Die Einsicht, einen Cloud-Anbieter wieder zu einem vertikal integrierten Unternehmen zu machen, das nahezu die gesamte Angebotstiefe anbietet, führt derzeit zu wildesten Übernahmekämpfen und –gerüchten. Ob HP allerdings tatsächlich ein Anwendungshaus übernimmt – und wenn ja, ob dies tatsächlich SAP sein könnte – bleibt in der Tat noch eine Weile Spekulation. IBM – ebenfalls als möglicher Käufer für SAP gehandelt – müsste dazu ein lang gehegtes Tabu brechen: das Geschäft mit der Anwendungssoftware gehört den Partnern. Dabei scheint es auch in Zukunft zu bleiben.

Vielmehr aktualisiert IBM seine gute, alte Co-Marketing-Strategie, mit der schon die AS/400 vor einem knappen Vierteljahrhundert (mein Gott! so lange ist das schon her) schönste Markterfolge gefeiert hat. Tausend und Deine Anwendung – nur, dass die Plattform jetzt nicht mehr Hardware ist, die sich die Kunden in den Keller stellen, sondern eine Plattform, auf der sich Anbieter und Anwender treffen und gemeinsam Private Clouds gründen.

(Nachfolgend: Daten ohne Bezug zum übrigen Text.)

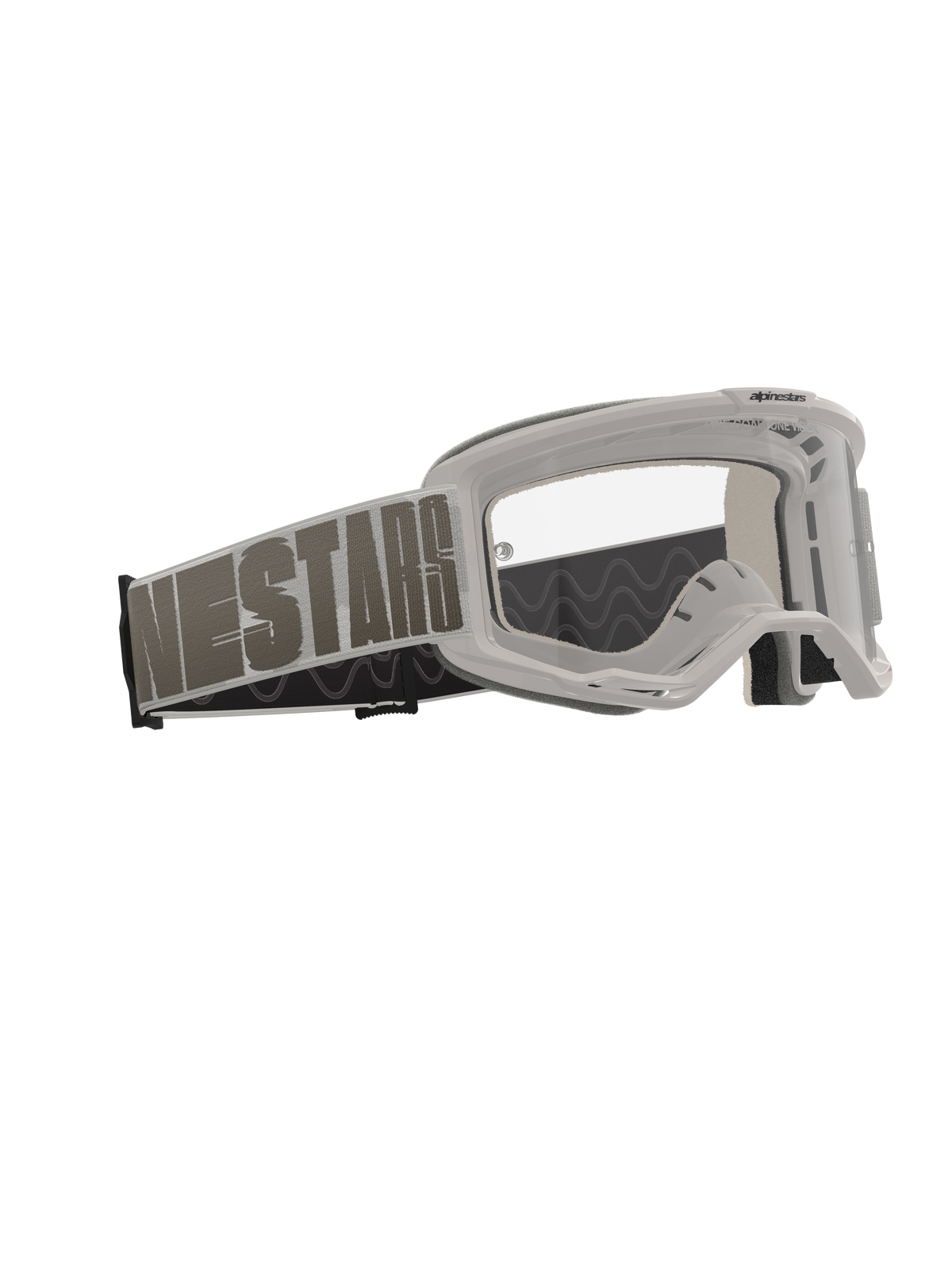 Alpinestars Vision 5 Hollow-briller, motocross-briller, Wind Clear, lysegråt stel med klar antidug-linse, bred vævet rem med markant 'NESTARS'-branding, højtydende beskyttelsesbriller til off-road kørsel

Das Konzept ist der jüngste Ausbruch aus einem Angebotsdilemma: Wenn keiner mehr Hardware kauft, dann soll er eben eine Plattform kaufen.

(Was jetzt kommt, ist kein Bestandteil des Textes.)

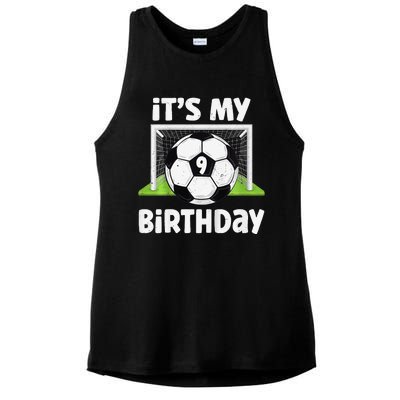 9 Years Old Soccer 9th Birthday Player Bday Party Ladies PosiCharge Tri-Blend Wicking Tank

IBMs jüngster Outburst in diese Richtung heißt CloudBurst, der auf der POWER7-Architektur angeboten wird. Das Angebot richtet sich weniger an Anwender als vielmehr an Softwarehersteller (ISVs – Independent Software Vendors), die über diese Plattform nahezu die gesamten Aufwände an Systemintegration einsparen können: Hardware, Storage, Netzwerk, Virtualisierung, Monitoring und Service Management soll über den CloudBurst-Server ablaufen. Der ISV fügt nur noch seine Anwendungssoftware hinzu.

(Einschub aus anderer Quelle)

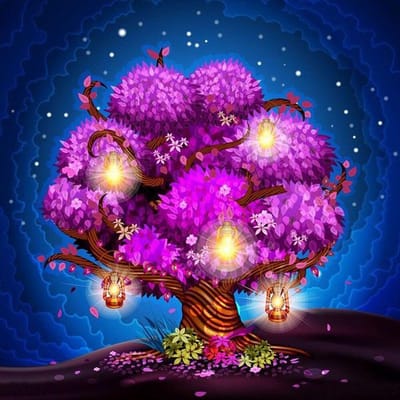 Diamant broderie paysage 5d bricolage diamant peinture arbre violet point de croix 30x30CM purple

Das ist das Konzept, das IBM im Mittelstand groß gemacht hat und das PC-Hersteller wie Dell und HP lange Zeit zu kopieren versucht haben. Die vertikale Integration, die IBM dabei im Auge hat, besteht nicht im alleinigen Gesamtangebot der IT-Bausteine, sondern in einer durch die Partner auch auf Branchenspezialitäten hin ausgerichteten Vertikalisierung. Auch das war bereits das Erfolgsgeheimnis der „Schrägen Dreier“ und deren Nachfolger, der AS/400.

Indirekt Applaus bekommt IBM für diesen Ansatz von der Gartner Group, die gegenwärtig in Orlando, Florida, ihren weltweiten Powwow abhält. „Der Strudel an unstillbaren Mergern führt zu Super-Anbietern“, meinte Peter Sondergaard, Senior Vice President of Research bei Gartner, zu Beginn der ITexpo am Montag, die alsbald Gefahr laufen, ins Mittelmäßige abzusinken. „Innovationen kaufen ist eine Sache, aber diese Innovationsfähigkeit auch weiter zu pflegen eine andere.“ Der Kunde aber akzeptiert kein Mittelmaß – nicht mal im Mittelstand.

Aber man kann ja auch wieder auseinander gehen – noch nach jeder Integrationswelle erfolgte die „Deintegration“. Derzeit aber wird gekauft, was die Portokasse hergibt: Oracle hat dem Vernehmen nach 40 bis 50 Milliarden Dollar für Luxuseinkäufe im Portemonnaie. Und auch IBM denkt an Großeinkäufe:  20 Milliarden Dollar sollen es in den nächsten fünf Jahren sein, die der Gigant locker machen will – nachdem er in den letzten zehn Jahren bereits alles in allem 40 Milliarden Dollar ausgegeben hat. In den Statistiken ändert sich dadurch nur wenig: Die großen Fünf der Integration bleiben die großen Fünf.